Towards the end of the film American Beauty, one of the characters plays a home movie of 'the most beautiful thing I've ever seen'. It turns out to be an ordinary plastic bag, hoisted up by the wind and apparently dancing in a tunnel of air.
It's a very affecting scene, and I thought of it when I saw the latest collection by Bogdan Molea arrive for this new Catto show. If anyone can conjure a similar sense of wonder in the everyday, it's the Romanian-born painter.
How can folded up paper and metal become so fascinating? So monumental? Well, in the hands of Bogdan, these otherwise banal materials really do take on another life. By scaling them up and reproducing their structure with mathematical precision, he utterly transforms them. Have a look at Arrow or the mysteriously named Stairway To Heaven to see what I mean.
Bogdan was born in Bucharest in 1958, and achieved multiple academic distinctions in his home country before emigrating to Canada in 1999. Throughout his artistic development, Bogdan retained a passion for late-medieval frescoes and Italian renaissance art.
In terms of subject matter, of course, the artist has moved on to different areas, yet there remains in his work a devotion to the same spatial challenges that concerned those fifteenth and sixteenth century greats.
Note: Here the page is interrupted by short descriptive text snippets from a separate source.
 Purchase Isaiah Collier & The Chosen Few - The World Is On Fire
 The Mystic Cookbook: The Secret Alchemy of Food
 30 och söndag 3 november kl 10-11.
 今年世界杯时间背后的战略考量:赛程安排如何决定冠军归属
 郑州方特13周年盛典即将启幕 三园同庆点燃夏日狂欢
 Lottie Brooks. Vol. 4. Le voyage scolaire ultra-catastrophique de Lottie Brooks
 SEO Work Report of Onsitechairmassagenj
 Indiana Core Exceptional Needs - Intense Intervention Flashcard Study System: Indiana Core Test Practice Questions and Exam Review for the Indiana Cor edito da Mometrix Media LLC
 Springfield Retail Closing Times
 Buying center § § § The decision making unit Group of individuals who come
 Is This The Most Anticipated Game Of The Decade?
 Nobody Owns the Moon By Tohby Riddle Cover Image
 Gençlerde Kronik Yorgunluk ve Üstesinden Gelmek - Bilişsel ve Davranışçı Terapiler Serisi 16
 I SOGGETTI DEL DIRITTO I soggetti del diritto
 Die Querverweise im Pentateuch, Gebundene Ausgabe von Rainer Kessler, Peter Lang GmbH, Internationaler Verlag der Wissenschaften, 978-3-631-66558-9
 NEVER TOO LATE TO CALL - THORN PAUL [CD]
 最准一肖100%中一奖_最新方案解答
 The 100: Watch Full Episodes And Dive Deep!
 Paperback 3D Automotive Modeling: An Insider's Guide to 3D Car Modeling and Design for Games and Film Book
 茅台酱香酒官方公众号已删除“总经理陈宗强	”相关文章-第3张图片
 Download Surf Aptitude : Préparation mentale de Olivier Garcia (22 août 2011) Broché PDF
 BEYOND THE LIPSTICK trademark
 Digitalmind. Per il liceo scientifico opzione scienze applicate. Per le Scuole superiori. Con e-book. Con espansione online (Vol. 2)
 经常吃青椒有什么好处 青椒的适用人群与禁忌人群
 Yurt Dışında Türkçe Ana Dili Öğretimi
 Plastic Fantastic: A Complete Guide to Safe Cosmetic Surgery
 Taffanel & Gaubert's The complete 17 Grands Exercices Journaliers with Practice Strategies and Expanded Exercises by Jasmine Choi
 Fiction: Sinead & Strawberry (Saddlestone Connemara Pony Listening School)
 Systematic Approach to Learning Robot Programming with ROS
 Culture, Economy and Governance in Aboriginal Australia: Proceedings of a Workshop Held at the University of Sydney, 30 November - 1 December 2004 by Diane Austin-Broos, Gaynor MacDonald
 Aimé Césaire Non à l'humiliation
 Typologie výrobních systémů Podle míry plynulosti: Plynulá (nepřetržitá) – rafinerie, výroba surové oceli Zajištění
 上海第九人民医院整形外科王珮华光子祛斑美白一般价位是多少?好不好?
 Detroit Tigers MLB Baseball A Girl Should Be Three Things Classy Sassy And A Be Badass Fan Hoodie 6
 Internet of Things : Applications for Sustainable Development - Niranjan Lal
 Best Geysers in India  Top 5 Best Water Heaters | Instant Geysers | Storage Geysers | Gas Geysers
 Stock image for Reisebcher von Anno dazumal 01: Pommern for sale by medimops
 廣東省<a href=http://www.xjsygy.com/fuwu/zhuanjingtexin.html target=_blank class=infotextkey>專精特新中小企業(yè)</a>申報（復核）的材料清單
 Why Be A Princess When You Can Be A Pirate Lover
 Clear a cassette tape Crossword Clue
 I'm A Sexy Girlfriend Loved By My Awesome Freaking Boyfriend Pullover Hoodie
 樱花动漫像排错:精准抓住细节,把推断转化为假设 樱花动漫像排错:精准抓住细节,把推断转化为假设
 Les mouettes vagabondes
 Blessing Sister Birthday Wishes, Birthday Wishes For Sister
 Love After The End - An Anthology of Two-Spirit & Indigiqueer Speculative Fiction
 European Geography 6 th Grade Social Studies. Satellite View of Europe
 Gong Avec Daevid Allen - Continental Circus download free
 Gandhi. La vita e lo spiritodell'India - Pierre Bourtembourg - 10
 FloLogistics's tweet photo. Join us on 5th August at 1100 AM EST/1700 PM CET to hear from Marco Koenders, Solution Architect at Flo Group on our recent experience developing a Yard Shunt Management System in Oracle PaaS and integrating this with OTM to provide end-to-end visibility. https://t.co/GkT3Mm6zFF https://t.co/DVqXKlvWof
Works like Black And White Polka Dots or Three Golden Objects are thoroughly modern, but the harmony in the composition and the rigour in the detail would have been appreciated by Giotto or Piero della Francesca. The same goes for Gourds, in which nature does all the talking. Frankly, it's such a marvel of technique, it takes your breath away.
As good as they look in a catalogue, you really need to see these extraordinary pieces 'in the flesh' to get the full effect.
So get down to the Catto to catch a contemporary master at his very best. You'll never see waste paper the same way again.